▶ **PROBLEM TO SOLVE**: Exactly the lines from the one holding "PS2 CON GIOCHI" through the last line of the listing below must appear in the answer, and no pictures.

BEGIN DATA PROVIDED

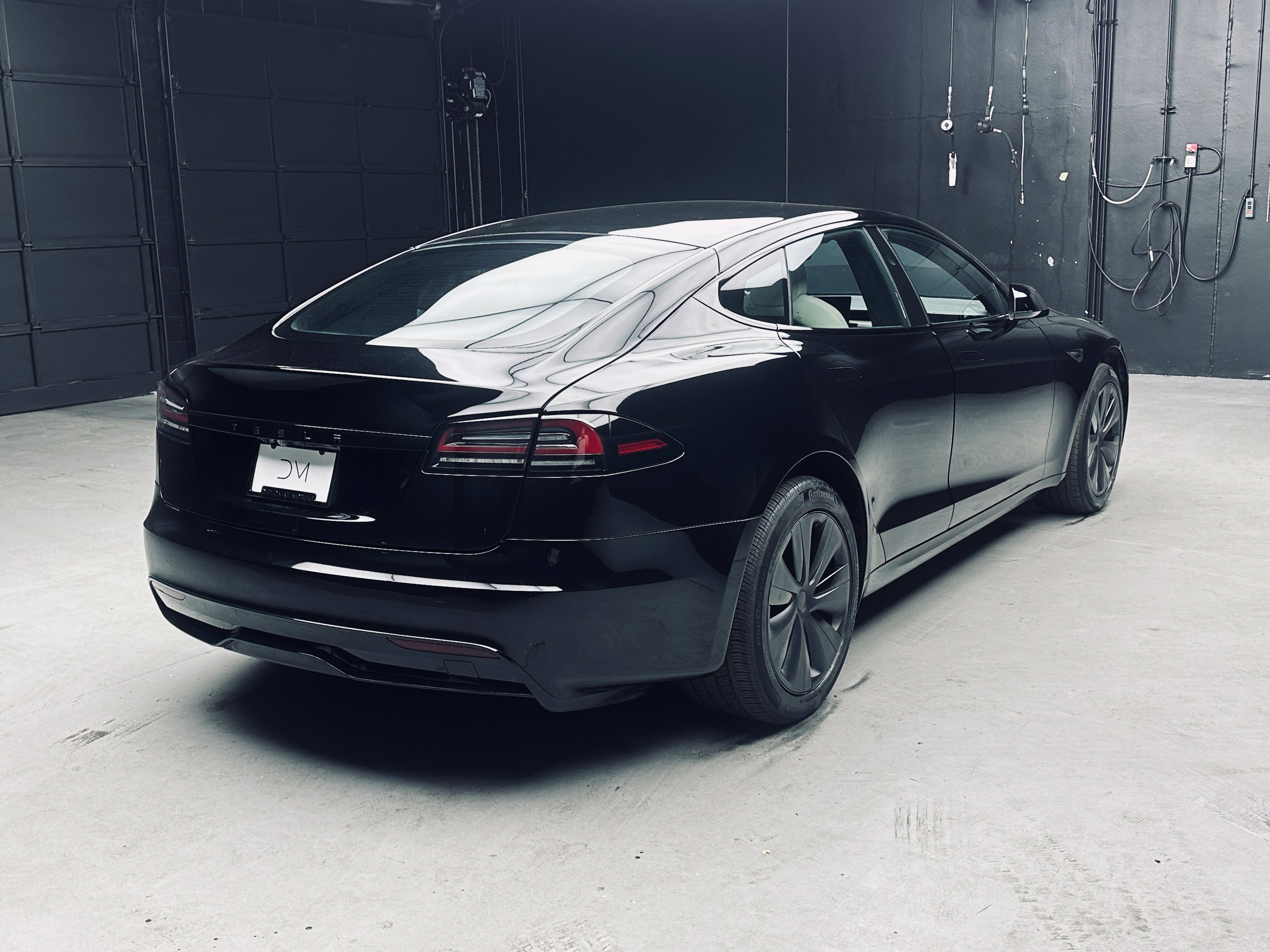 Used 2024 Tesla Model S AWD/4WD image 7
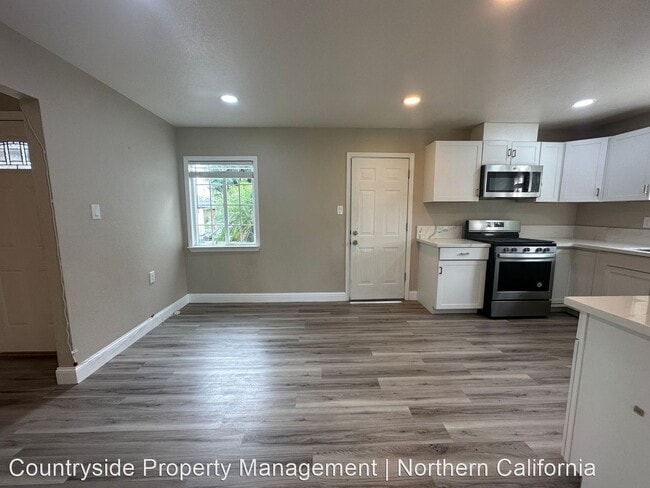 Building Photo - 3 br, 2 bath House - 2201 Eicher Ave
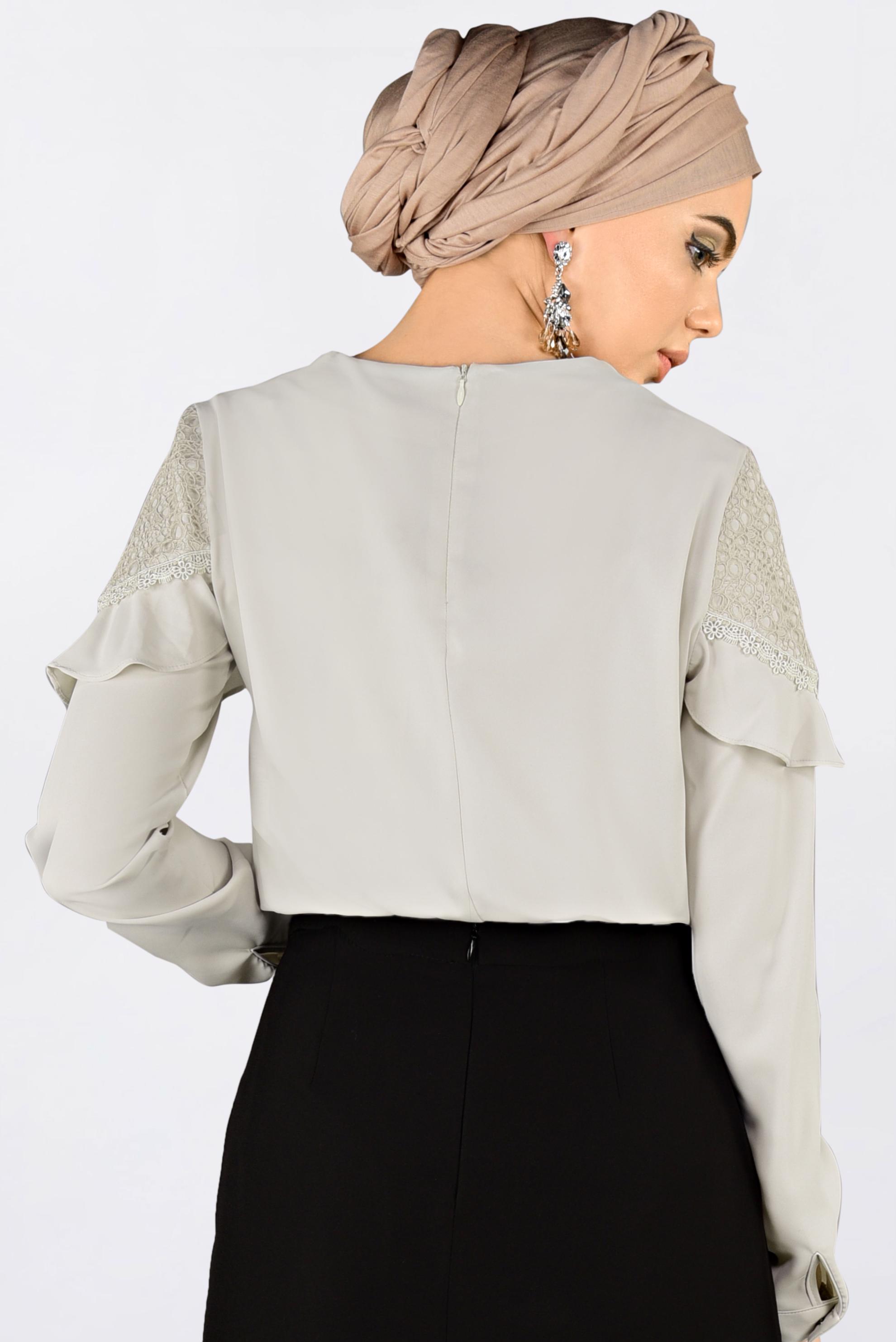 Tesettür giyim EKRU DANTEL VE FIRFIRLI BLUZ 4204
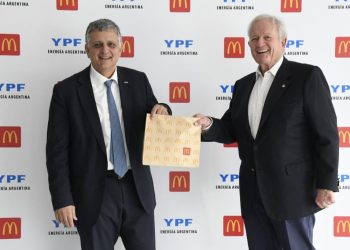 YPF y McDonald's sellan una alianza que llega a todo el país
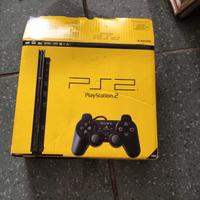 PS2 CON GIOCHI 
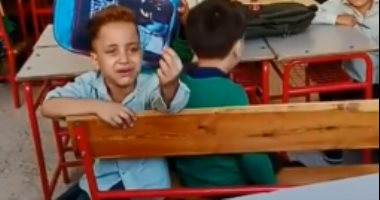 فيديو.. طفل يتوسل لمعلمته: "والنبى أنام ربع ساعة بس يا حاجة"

END DATA PROVIDED

▶ **RESULT OF THE TASK**:
 PS2 CON GIOCHI 
 فيديو.. طفل يتوسل لمعلمته: "والنبى أنام ربع ساعة بس يا حاجة"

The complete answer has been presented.